(PROVIDED MATERIAL)

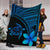 Hawaii Premium Blanket - Hawaii Turtle Plumeria Blue - Polynesian Pride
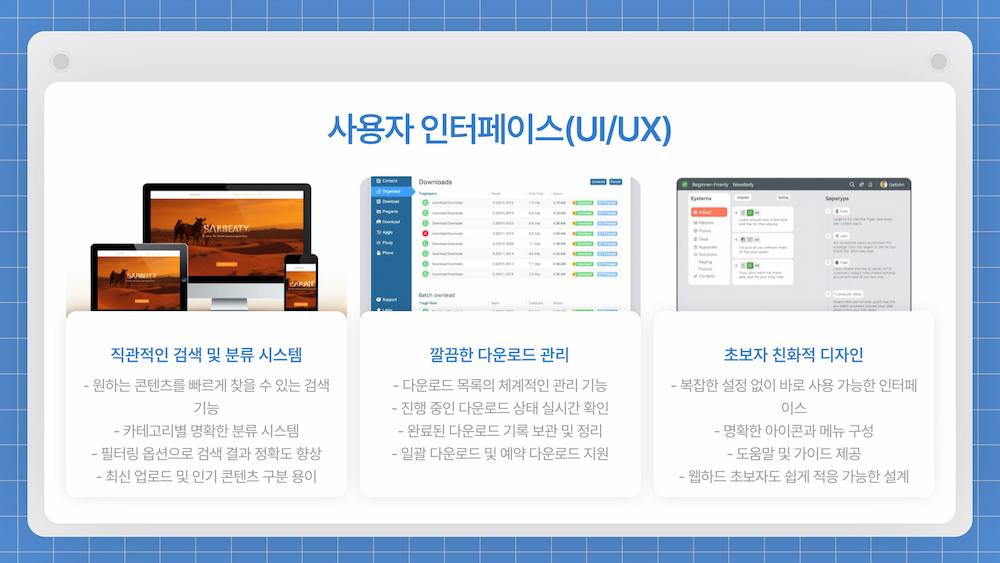간결하고 사용하기 쉬운 웹사이트 화면 디자인
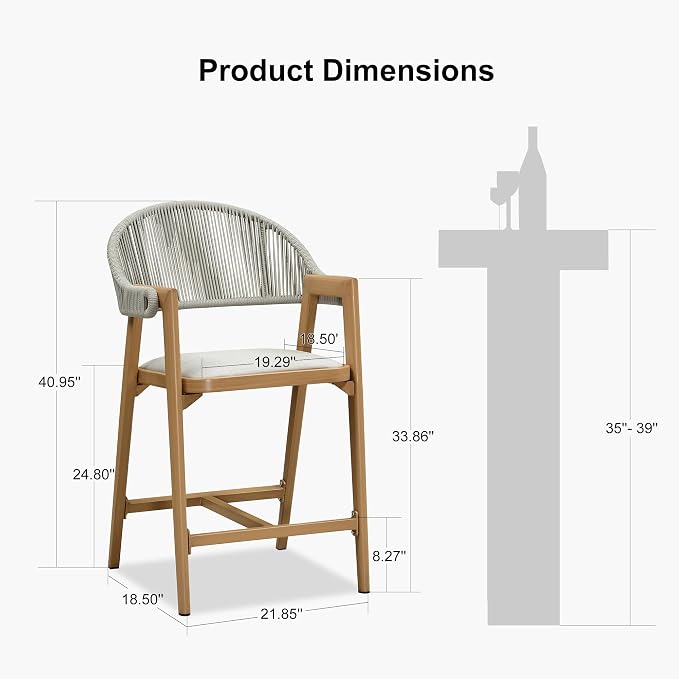 PURPLE LEAF Outdoor Counter Height Bar Stool Set of 2 Rattan Bar Chair - Image 2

(End PROVIDED MATERIAL)

#### WORK ORDER:
What the answer needs is every line from the one with "간결하고 사용하기 쉬운 웹사이트 화면 디자인" through the last line of the data, reproduced word for word and with pictures omitted.

#### YOUR RESPONSE:
간결하고 사용하기 쉬운 웹사이트 화면 디자인
 PURPLE LEAF Outdoor Counter Height Bar Stool Set of 2 Rattan Bar Chair - Image 2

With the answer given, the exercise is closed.